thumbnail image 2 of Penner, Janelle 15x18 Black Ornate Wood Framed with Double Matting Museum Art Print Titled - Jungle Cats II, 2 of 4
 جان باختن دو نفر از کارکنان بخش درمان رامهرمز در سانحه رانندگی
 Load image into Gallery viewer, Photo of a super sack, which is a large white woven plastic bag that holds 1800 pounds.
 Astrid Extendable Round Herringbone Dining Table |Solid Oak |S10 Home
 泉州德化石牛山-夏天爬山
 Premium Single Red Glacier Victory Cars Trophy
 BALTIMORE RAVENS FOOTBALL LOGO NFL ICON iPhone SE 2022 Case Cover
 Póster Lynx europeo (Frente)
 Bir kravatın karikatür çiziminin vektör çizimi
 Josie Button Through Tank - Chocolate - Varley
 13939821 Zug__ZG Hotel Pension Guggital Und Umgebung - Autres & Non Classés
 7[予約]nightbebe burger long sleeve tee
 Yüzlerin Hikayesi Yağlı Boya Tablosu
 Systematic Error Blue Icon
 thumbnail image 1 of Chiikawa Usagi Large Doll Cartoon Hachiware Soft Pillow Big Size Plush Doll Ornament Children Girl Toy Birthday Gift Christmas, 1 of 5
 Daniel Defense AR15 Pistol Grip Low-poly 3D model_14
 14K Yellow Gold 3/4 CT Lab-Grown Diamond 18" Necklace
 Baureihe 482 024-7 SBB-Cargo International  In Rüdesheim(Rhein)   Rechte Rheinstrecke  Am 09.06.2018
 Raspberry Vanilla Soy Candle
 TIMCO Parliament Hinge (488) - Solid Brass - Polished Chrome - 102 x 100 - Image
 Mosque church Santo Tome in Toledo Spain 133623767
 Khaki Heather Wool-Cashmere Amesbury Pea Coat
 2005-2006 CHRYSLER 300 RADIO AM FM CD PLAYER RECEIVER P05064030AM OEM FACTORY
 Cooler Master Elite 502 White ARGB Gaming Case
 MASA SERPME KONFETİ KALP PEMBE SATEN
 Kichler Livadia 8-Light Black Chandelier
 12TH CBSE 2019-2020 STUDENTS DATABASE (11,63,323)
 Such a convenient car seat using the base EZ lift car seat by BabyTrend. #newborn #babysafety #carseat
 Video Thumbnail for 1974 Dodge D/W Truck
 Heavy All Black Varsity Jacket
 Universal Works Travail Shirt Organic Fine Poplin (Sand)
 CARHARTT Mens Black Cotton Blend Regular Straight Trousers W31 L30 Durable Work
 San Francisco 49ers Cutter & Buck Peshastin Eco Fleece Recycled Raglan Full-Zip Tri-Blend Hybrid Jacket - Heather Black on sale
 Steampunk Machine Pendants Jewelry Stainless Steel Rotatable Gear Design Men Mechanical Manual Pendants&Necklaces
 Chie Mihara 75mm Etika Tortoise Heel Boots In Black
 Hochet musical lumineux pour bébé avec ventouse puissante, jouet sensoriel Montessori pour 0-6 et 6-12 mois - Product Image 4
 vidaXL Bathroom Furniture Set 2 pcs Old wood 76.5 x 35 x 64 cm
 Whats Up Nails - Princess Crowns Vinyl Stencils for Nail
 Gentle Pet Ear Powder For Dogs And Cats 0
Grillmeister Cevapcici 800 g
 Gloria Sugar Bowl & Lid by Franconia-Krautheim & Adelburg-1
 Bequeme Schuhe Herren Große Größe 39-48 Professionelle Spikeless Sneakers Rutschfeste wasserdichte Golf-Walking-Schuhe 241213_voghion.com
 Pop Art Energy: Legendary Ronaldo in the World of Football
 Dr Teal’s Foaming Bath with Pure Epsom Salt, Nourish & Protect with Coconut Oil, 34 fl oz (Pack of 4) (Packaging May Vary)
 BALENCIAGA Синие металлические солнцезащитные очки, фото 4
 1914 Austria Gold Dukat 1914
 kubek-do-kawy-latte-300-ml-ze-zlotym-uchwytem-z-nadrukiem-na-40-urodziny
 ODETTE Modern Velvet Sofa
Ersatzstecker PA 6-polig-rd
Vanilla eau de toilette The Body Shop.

----------

-- The problem --
From the listing above, repeat exactly the lines starting at the line that includes "TIMCO Parliament Hinge" and ending at the line that includes "vidaXL Bathroom Furniture", with nothing outside that span.

-- Output below --
 TIMCO Parliament Hinge (488) - Solid Brass - Polished Chrome - 102 x 100 - Image
 Mosque church Santo Tome in Toledo Spain 133623767
 Khaki Heather Wool-Cashmere Amesbury Pea Coat
 2005-2006 CHRYSLER 300 RADIO AM FM CD PLAYER RECEIVER P05064030AM OEM FACTORY
 Cooler Master Elite 502 White ARGB Gaming Case
 MASA SERPME KONFETİ KALP PEMBE SATEN
 Kichler Livadia 8-Light Black Chandelier
 12TH CBSE 2019-2020 STUDENTS DATABASE (11,63,323)
 Such a convenient car seat using the base EZ lift car seat by BabyTrend. #newborn #babysafety #carseat
 Video Thumbnail for 1974 Dodge D/W Truck
 Heavy All Black Varsity Jacket
 Universal Works Travail Shirt Organic Fine Poplin (Sand)
 CARHARTT Mens Black Cotton Blend Regular Straight Trousers W31 L30 Durable Work
 San Francisco 49ers Cutter & Buck Peshastin Eco Fleece Recycled Raglan Full-Zip Tri-Blend Hybrid Jacket - Heather Black on sale
 Steampunk Machine Pendants Jewelry Stainless Steel Rotatable Gear Design Men Mechanical Manual Pendants&Necklaces
 Chie Mihara 75mm Etika Tortoise Heel Boots In Black
 Hochet musical lumineux pour bébé avec ventouse puissante, jouet sensoriel Montessori pour 0-6 et 6-12 mois - Product Image 4
 vidaXL Bathroom Furniture Set 2 pcs Old wood 76.5 x 35 x 64 cm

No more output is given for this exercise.